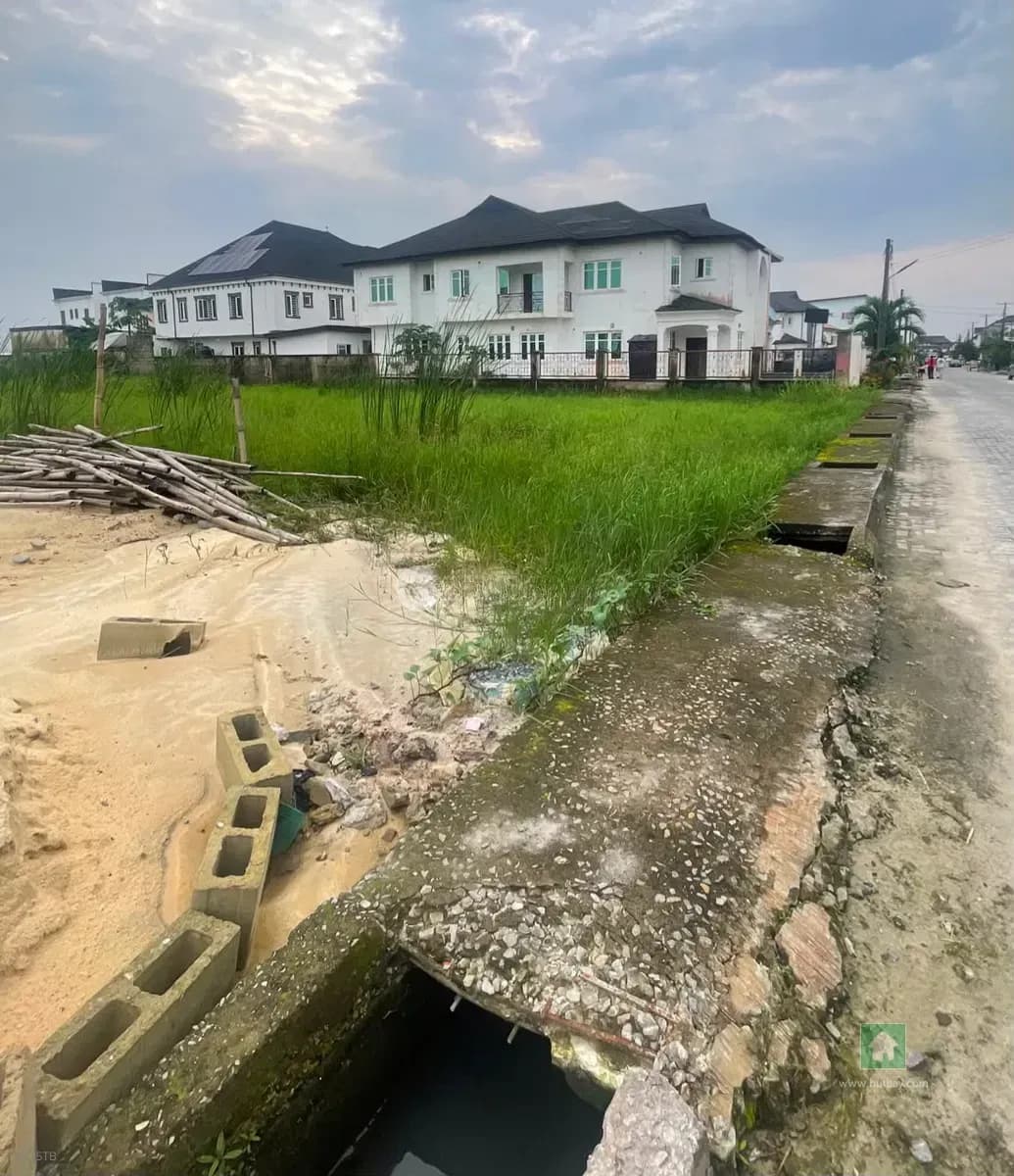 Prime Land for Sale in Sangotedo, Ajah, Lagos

+++

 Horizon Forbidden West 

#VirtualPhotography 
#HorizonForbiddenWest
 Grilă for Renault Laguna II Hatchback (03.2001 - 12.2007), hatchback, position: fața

+++

**Task:**
Among the records above, repeat exactly the line with "#VirtualPhotography", the line with "Grilă for Renault", and every line in between, and only those.

**Your response:**
#VirtualPhotography 
#HorizonForbiddenWest
 Grilă for Renault Laguna II Hatchback (03.2001 - 12.2007), hatchback, position: fața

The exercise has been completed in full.